Peningkatan pelayanan BMKG juga dilakukan melalui kerjasama-kerjasama yang dilakukan dengan berbagai instansi baik dari dalam maupun luar negeri. Dari dalam negeri, BMKG melakukan kerjasama dengan BPPT dan LIPI. Sedangkan untuk instansi luar negeri, BMKG bekerjasama dengan National Oceanic and Atmospheric Administration (NOAA), yaitu Badan Meteorologi Amerika Serikat
Informasi cuaca laut menjadi begitu penting dalam persiapan Indonesia sebagai poros maritim dunia. Dalam dunia transportasi laut, informasi cuaca, arah dan kecepatan angin, dan tinggi gelombang dimanfaatkan untuk menciptakan dunia transportasi laut yang aman, nyaman, dan tepat waktu. Informasi cuaca digunakan untuk pemilihan jalur pelayaran yang tepat untuk menghindari adanya cuaca buruk di tengah lautan.

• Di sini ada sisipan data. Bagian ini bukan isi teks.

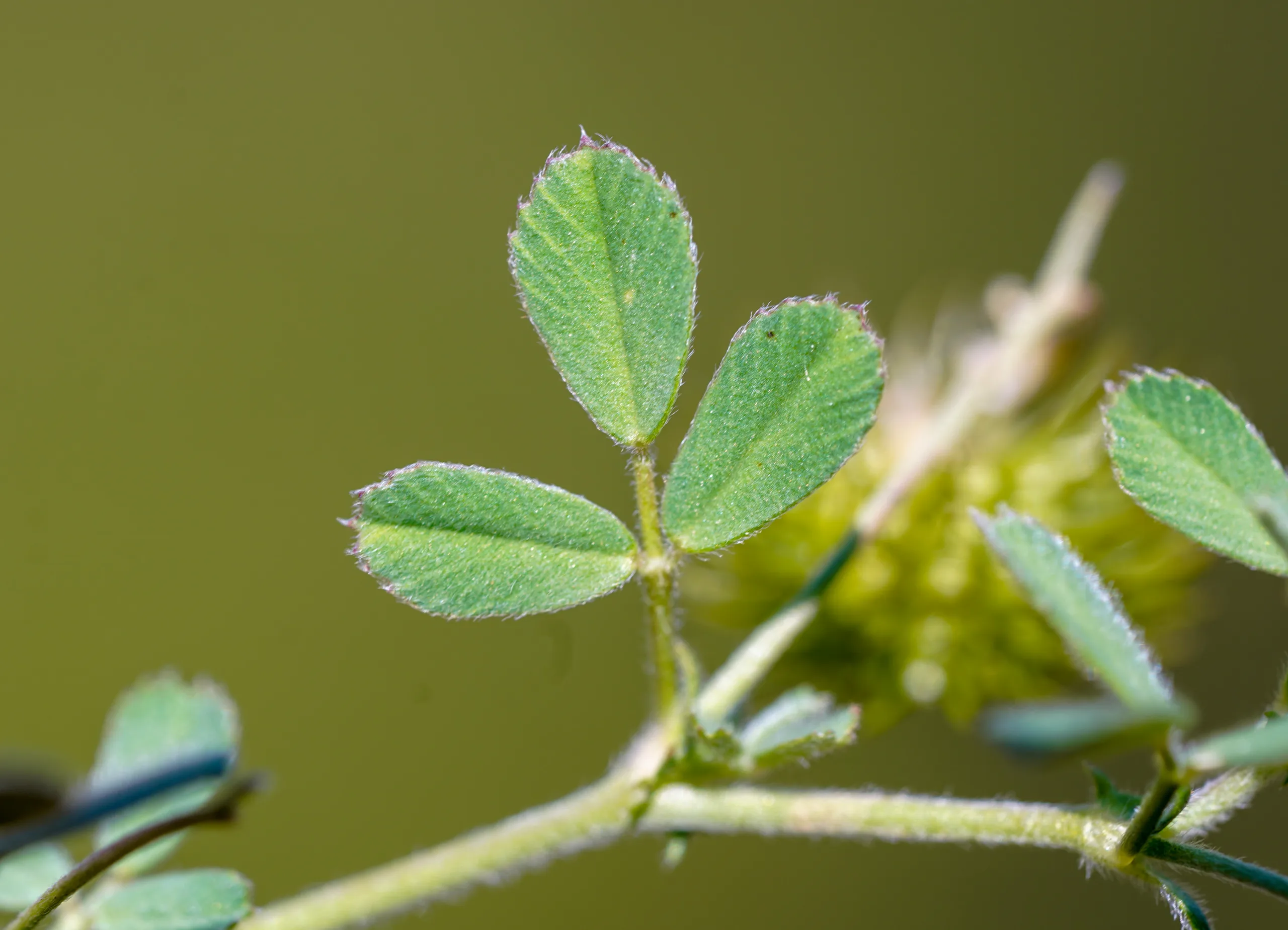Medicago disciformis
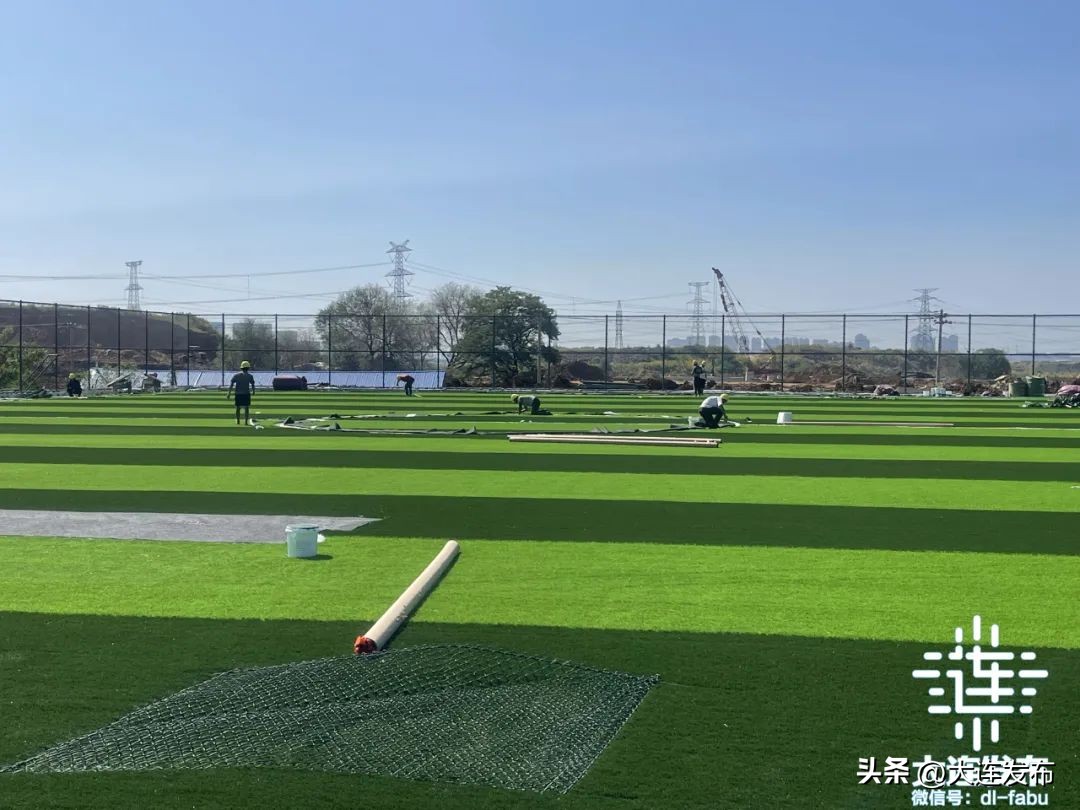 金普新区56项重点任务,金普新区规划项目在哪建设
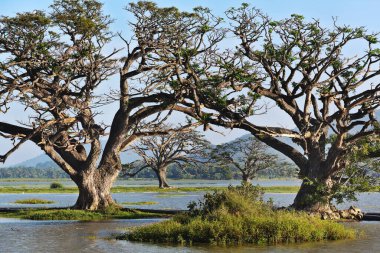 Sri Lanka 'daki güzel doğal manzaralar. Göldeki büyük ağaçlar.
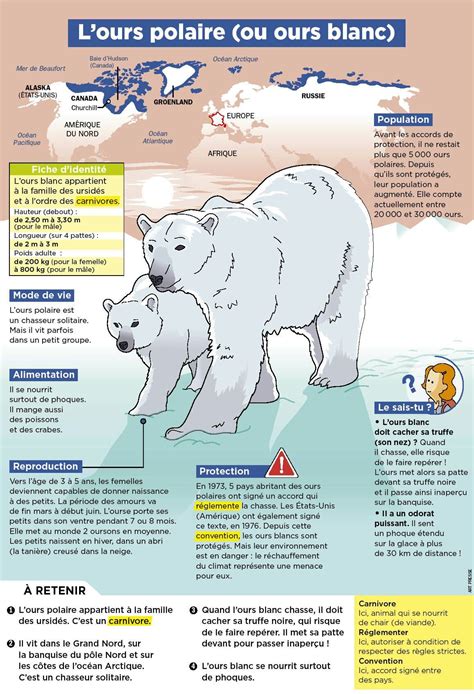 Sont déprimés étreinte la construction navale document sur l ours ...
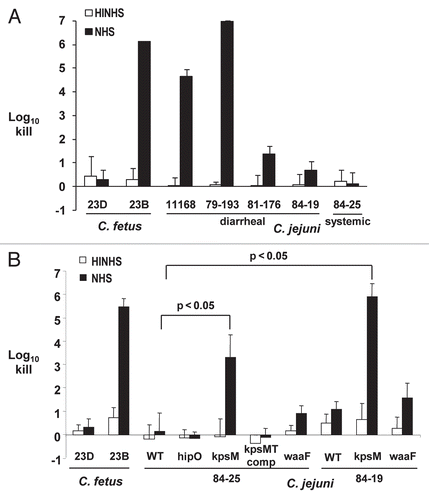 Figure 6 Complement-dependent killing of Campylobacter strains by normal human serum. The indicated Campylobacter strains were incubated with 10% serum (NHS, normal human serum; black bars) or serum previously heated to inactivate complement (HINHS, heat-inactivated NHS; white bars). C. fetus strains 23B and 23D are the serum-sensitive and -resistant controls, respectively. (A) Susceptibility of C. jejuni diarrheal (11168, 79–193 and 81–176) and systemic strains (84-25 and 84-19) to 10% NHS versus control (HINHS). (B) Susceptibility of kpsM and waaF mutants in C. jejuni systemic strain backgrounds (84-25 and 84-19). Bars represent the mean + SD for at least three replicate experiments. Brackets indicate statistically significant differences in survival between wild-type and kpsM mutants (p < 0.05) using the Student's two-tailed t-test.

Kecelakaan KM Marina Baru di Teluk Bone pada 23 Desember 2015 tentu masih diingat dalam dunia pelayaran di Indonesia. Kecelekaan ini disinyalir merupakan kecelakaan kapal terbesar kedua di Tahun 2015. Dari 118 penumpang, sebanyak 66 korban ditemukan meninggal dan 40 korban selamat, sedangkan 12 lainnya belum ditemukan. Menurut data yang dirilis oleh BMKG, tinggi gelombang rata-rata di Teluk Bone saat itu antara 0,5-1,5 meter, dengan kondisi hampir seluruh langit tertutup awan. Dengan kondisi seperti ini, gelombang maksimum dapat mencapai 3 meter. Kondisi ini tentu membahayakan bagi sebuah kapal.
Informasi cuaca menjadi sangat bermanfaat untuk keamanan dan keamanan transportasi laut sehingga kita bisa mengurangi adanya kecelakaan kapal di laut akibat cuaca buruk. Berapa banyak nyawa yang bisa diselamatkan dikarenakan informasi cuaca yang di manfaatkan dengan baik. Apabila tidak ada informasi cuaca dan tinggi gelombang, mungkin akan lebih banyak kapal karam akibat kondisi laut yang kurang diperhitungkan. Program tol laut yang digagas pemerintah akan buyar karena kurangnya perhitungan terkait cuaca.
Dalam dunia perikanan, para nelayan dapat memanfaatkan informasi arus laut yang dirilis oleh BMKG. Arus laut dapat dimanfaatkan untuk mengetahui informasi tempat pertemuan arus panas dan dingin yang menjadi tempat berkumpulnya ikan. Hal ini tentu akan menunjang produksi ikan Indonesia yang akan meningkatkan kesejahteraan nelayan.
Pelayanan informasi cuaca akan diberikan kepada beberapa instansi seperti Dinas Navigasi, Pelni, dan instansi-instansi lain yang telah berkoordinasi dengan Stasiun Meteorologi Maritim terkait sebelumnya. Bagi anda yang berprofesi sebagai seorang nelayan, anda dapat mengakses prakiraan cuaca dan gelombang melalui website resmi maritim BMKG.